In the realm of open-source agent research, three critical components are often missing:

🌐 Open-Source Environments
📊 Open-Source Data
🔎 Open-Source Research Codebases & Repositories

desktop-env is here to fill these gaps:

🖥️ Open-Source Environment: Provides a rich, desktop-based environment identical to what humans use daily.
📈 Data Recorder: Includes a built-in screen, audio, timestamp, keyboard/mouse recorder to capture and utilize real human desktop interactions.
🤝 Future Research Collaboration: Plans are underway to foster open-source research in a new repository.

Any kind of open-source contributions are always welcome.

🔑 Key Features

⚡ Real-Time Performance: Achieve sub-1ms latency in screen capture.
🎥 High-Frequency Capture: Supports over 144 FPS screen recording with minimal CPU/GPU load.
- Utilizes Windows APIs (DXGI/WGC) and the powerful GStreamer framework, which is largely differ from PIL.ImageGrab, mss, ...
🖱️ Authentic Desktop Interaction: Work within the exact desktop environment used by real users.

Supported Desktop Events & Interfaces:

📺 Screen: Capture your monitor screen; specify monitor index, window name, framerate.
⌨️🖱️ Keyboard/Mouse: Capture and input keyboard and mouse events.
🪟 Window: Get active window's name, bounding box, and handle (hWnd).

✨ Supported Operating Systems:

Windows: Full support with optimized performance using Direct3D11
macOS: Full support using AVFoundation for screen capture
Linux: Basic support (work in progress)

Recorder

Since Recorder utilize desktop_env, it is far more efficient than any other existing python-based screen recorders.
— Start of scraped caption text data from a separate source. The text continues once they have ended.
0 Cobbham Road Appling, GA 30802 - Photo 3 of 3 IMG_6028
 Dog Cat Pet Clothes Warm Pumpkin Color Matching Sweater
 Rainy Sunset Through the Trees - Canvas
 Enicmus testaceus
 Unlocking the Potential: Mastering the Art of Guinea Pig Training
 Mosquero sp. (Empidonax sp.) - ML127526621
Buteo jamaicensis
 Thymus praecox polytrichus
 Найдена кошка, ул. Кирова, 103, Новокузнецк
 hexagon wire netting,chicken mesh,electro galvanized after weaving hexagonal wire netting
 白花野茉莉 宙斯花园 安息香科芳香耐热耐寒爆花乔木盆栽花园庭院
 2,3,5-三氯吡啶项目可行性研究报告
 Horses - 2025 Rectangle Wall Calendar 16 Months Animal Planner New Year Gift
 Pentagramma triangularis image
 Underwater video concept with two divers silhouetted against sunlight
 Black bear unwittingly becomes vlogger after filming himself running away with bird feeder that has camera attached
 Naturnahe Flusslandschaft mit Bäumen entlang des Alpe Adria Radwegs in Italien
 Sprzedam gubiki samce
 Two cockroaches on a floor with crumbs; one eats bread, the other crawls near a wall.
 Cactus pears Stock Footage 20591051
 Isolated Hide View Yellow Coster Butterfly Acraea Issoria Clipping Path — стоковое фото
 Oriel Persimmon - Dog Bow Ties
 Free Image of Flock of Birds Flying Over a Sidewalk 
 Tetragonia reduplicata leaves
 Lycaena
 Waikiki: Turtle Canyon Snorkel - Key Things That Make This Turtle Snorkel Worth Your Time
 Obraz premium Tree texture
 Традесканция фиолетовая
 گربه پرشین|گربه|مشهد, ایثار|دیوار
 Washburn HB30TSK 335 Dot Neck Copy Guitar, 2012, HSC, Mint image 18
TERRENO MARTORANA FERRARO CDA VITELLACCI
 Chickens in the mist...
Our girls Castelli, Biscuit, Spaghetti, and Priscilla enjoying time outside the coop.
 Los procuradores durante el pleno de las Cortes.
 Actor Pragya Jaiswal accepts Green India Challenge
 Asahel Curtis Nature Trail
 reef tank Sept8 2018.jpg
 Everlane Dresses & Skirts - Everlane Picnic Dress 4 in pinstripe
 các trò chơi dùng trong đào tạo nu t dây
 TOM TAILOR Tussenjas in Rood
run just by typing python3 examples/recorder.py FILE_LOCATION and stop by Ctrl+C
almost 0% load in CPU/GPU. (Similar to commercial screen recording / broadcasting software, since it utilize Windows APIs (DXGI/WGC) and the powerful GStreamer framework under the hood)
screen, audio, timestamp is recorded all in once in matroska(.mkv) container, timestamp is recorded as video subtitle. keyboard, mouse, window data is recorded all in once in event.jsonl file.

For more detail, run python3 examples/recorder.py --help!

                                                                                                                                                                                                                                              
 Usage: recorder.py [OPTIONS] FILE_LOCATION                                                                                                                                                                                                   
                                                                                                                                                                                                                                              
╭─ Arguments ────────────────────────────────────────────────────────────────────────────────────────────────────────────────────────────────────────────────────────────────────────────────────────────────────────────────────────────────╮
│ *    file_location      TEXT  The location of the output file, use `.mkv` extension. [default: None] [required]                                                                                                                            │
╰────────────────────────────────────────────────────────────────────────────────────────────────────────────────────────────────────────────────────────────────────────────────────────────────────────────────────────────────────────────╯
╭─ Options ──────────────────────────────────────────────────────────────────────────────────────────────────────────────────────────────────────────────────────────────────────────────────────────────────────────────────────────────────╮
│ --record-audio        --no-record-audio                 Whether to record audio [default: record-audio]                                                                                                                                    │
│ --record-video        --no-record-video                 Whether to record video [default: record-video]                                                                                                                                    │
│ --record-timestamp    --no-record-timestamp             Whether to record timestamp [default: record-timestamp]                                                                                                                            │
│ --window-name                                  TEXT     The name of the window to capture, substring of window name is supported [default: None]                                                                                           │
│ --monitor-idx                                  INTEGER  The index of the monitor to capture [default: None]                                                                                                                                │
│ --help                                                  Show this message and exit.                                                                                                                                                        │
╰────────────────────────────────────────────────────────────────────────────────────────────────────────────────────────────────────────────────────────────────────────────────────────────────────────────────────────────────────────────╯

🚀 Blazing Performance

desktop-env outperforms other screen capture libraries:

Library	Avg. Time per Frame	Relative Speed
desktop-env	5.7 ms	⚡1× (Fastest)
`pyscreenshot`	33 ms	🚶‍♂️ 5.8× slower
`PIL`	34 ms	🚶‍♂️ 6.0× slower
`MSS`	37 ms	🚶‍♂️ 6.5× slower
`PyQt5`	137 ms	🐢 24× slower

Measured on i5-11400, GTX 1650. Not only is FPS measured, but CPU/GPU resource usage is also significantly lower.

💡 Examples

🎮 Working Demo. real-time, local-model ZType game agent

owa-ztype-demo.mp4

For more details with self-contained running source code, see examples/typing_agent.

👩‍💻 Example Usage

For full runnable scripts, see scripts/minimal_example.py, scripts/main.py.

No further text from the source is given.